(Exercise description)
The material below includes pictures; leave them out and return only the lines between the line containing "BENZAC AC ACNE" and the line containing "Склеиваемая пластиковая модель", inclusive, word for word.
Record excerpts Start Marker
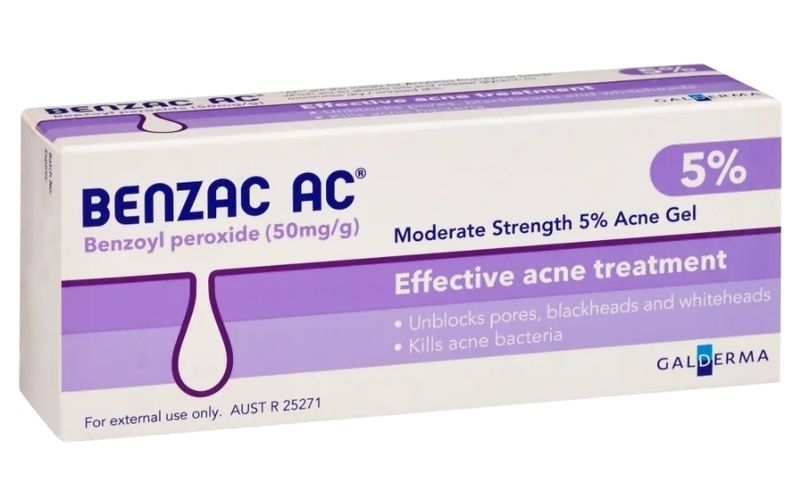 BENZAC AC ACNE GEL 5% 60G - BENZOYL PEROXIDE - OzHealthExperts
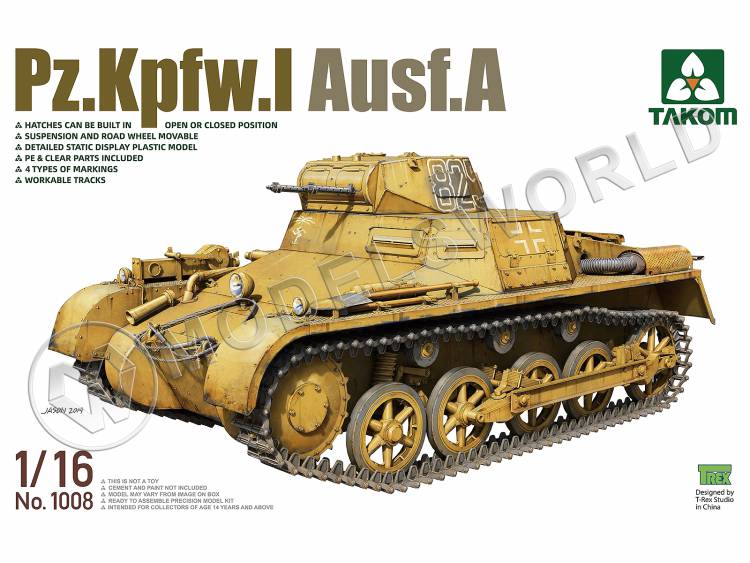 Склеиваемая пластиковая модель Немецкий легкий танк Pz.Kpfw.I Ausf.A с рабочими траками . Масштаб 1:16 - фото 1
Record excerpts End Marker
Record excerpts Start Marker
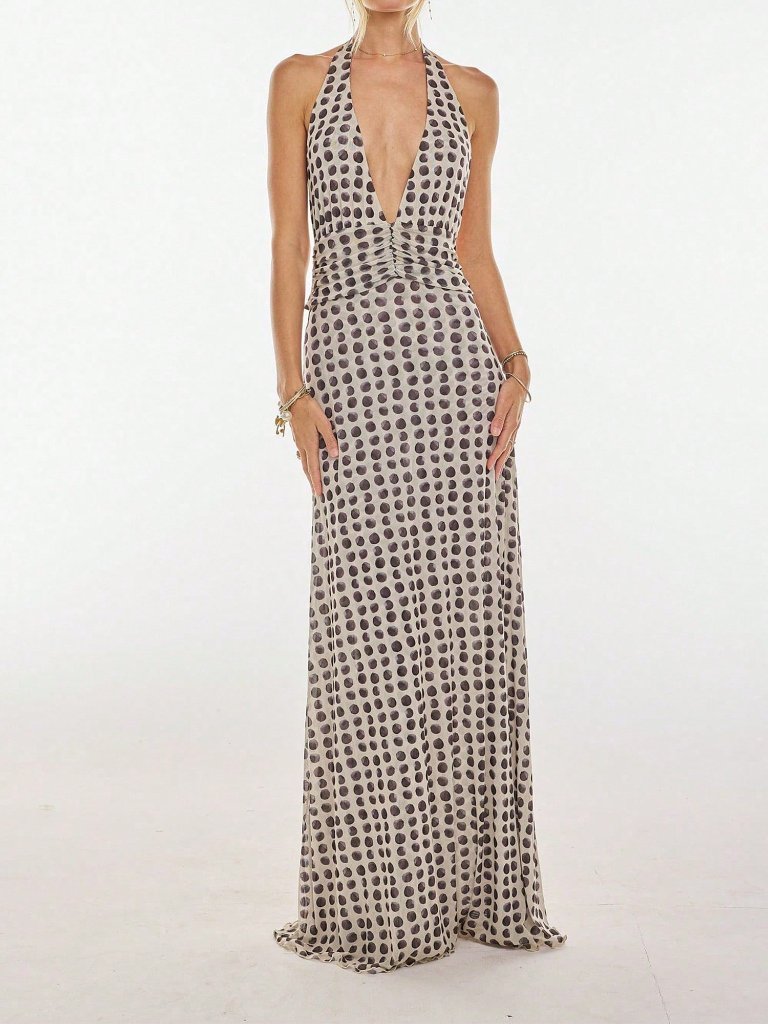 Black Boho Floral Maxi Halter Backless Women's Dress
Record excerpts End Marker
Record excerpts Start Marker
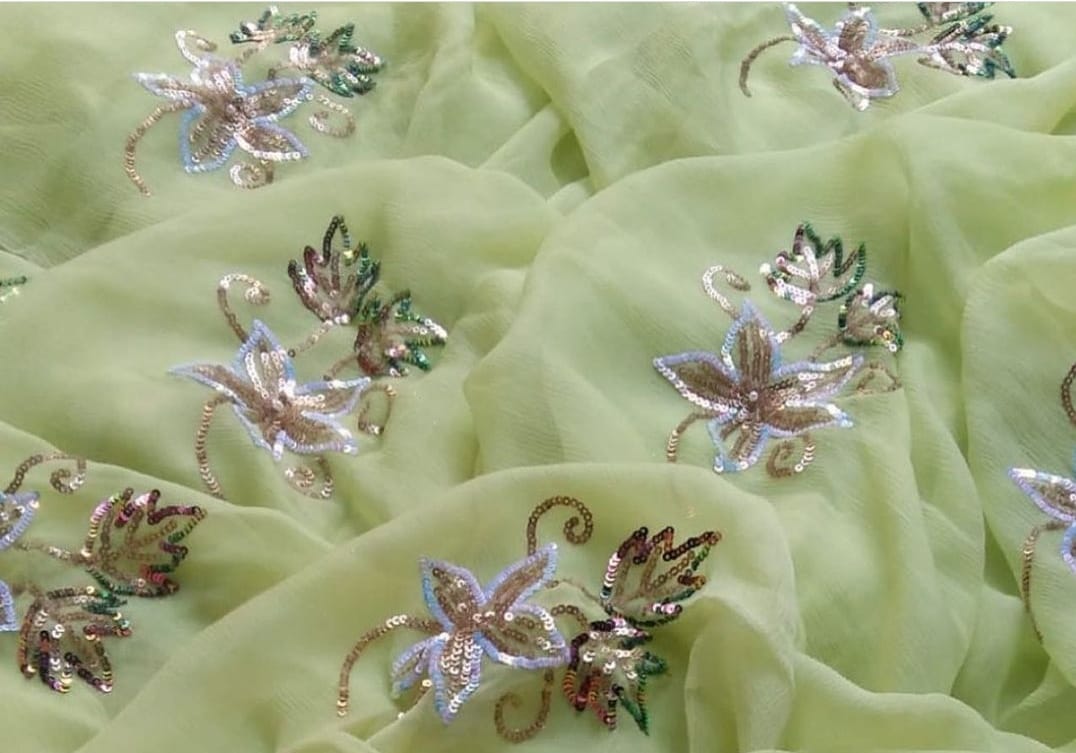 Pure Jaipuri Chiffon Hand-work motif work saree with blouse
Record excerpts End Marker
(Reply)
 BENZAC AC ACNE GEL 5% 60G - BENZOYL PEROXIDE - OzHealthExperts
 Склеиваемая пластиковая модель Немецкий легкий танк Pz.Kpfw.I Ausf.A с рабочими траками . Масштаб 1:16 - фото 1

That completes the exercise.